To investigate the outcomes of GP appraisal in terms of whether it has prompted change in medical practice, education and learning, career development, attitudes to health and probity, how GPs organise their work, and their perception of the overall value of the process.
A cross-sectional postal questionnaire.
GP performers in Scotland who had undertaken appraisal.
The questionnaire was based on the seven principles outlined in Good Medical Practice, a literature review, and previous local research. The survey was conducted on a strictly anonymous basis with a random, representative sample of GPs.
Fifty-three per cent (671/1278) responded. Forty-seven per cent (308/661) thought that appraisal had altered their educational activity, 33% (217/660) reported undertaking further education or training as a result of appraisal, and 13% (89/660) felt that appraisal had influenced their career development. Opinion was evenly split on the overall value of appraisal.

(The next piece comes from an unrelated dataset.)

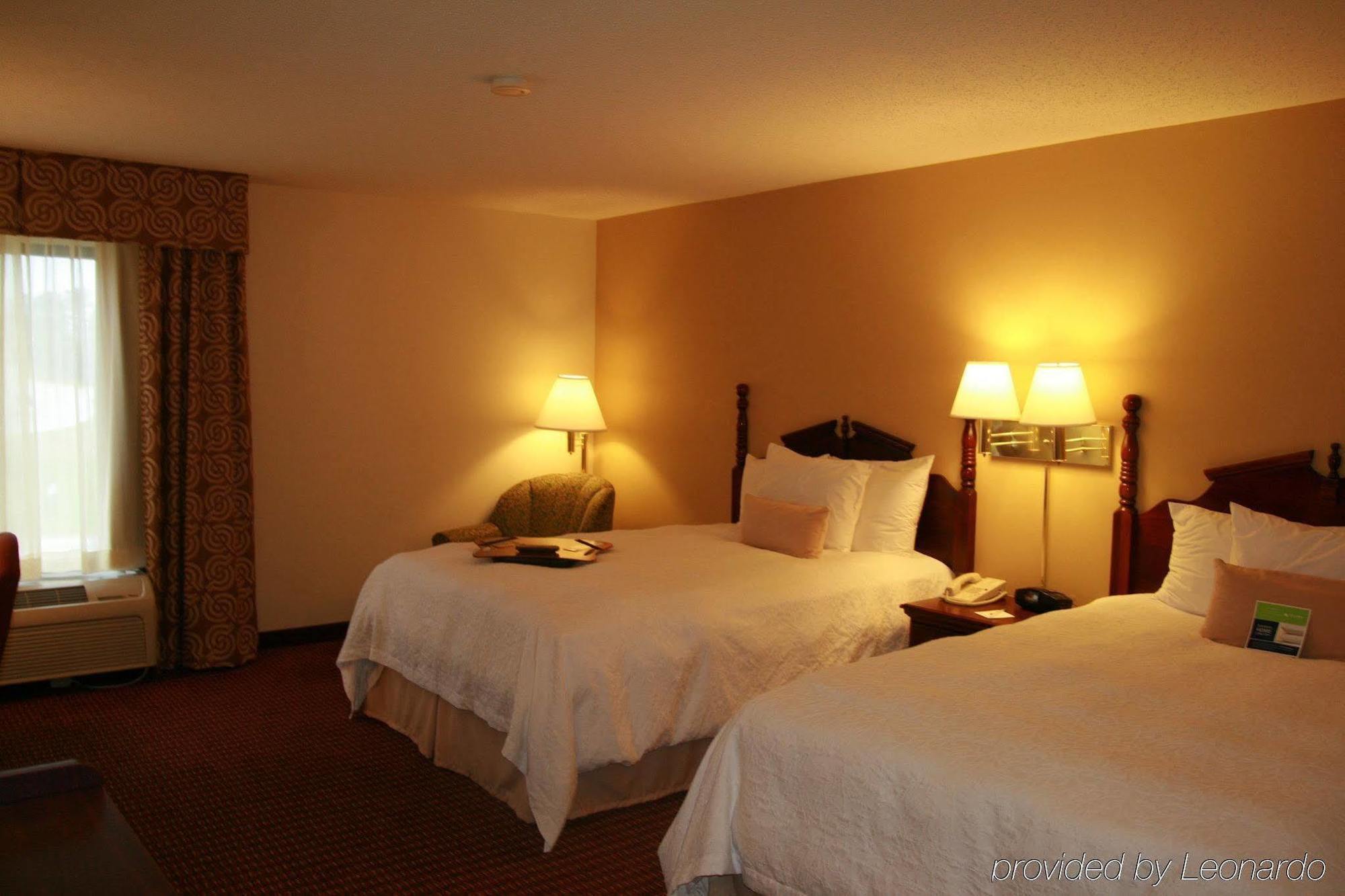 Hampton Inn Conyers Exterior photo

Appraisal can have a significant impact on all aspects of a GP's professional life, and those who value the process report continuing benefit in how they manage their education and professional development. However, many perceive limited or no benefit. The renewed emphasis on appraisal requires examination of these findings and discussion of how appraisal can become more relevant.
The requirement to undergo an annual appraisal became a contractual obligation for all UK GPs following the implementation of the new GP contract in April 2004. The Scottish GP Appraisal Scheme was instituted in January 2003, details of which are published elsewhere.1 The aims of the process reflected the statement of the Chief Medical Officer in 1999 when he advocated the introduction of an appraisal process for doctors that was not primarily concerned with detecting underperformance but would help them consolidate and improve on good performance.2 While feedback about experience of the process is routinely gathered following the appraisal, this study aimed to move beyond this limited feedback by evaluating the process in terms of the perceived impact in a number of important areas of a doctor's professional life.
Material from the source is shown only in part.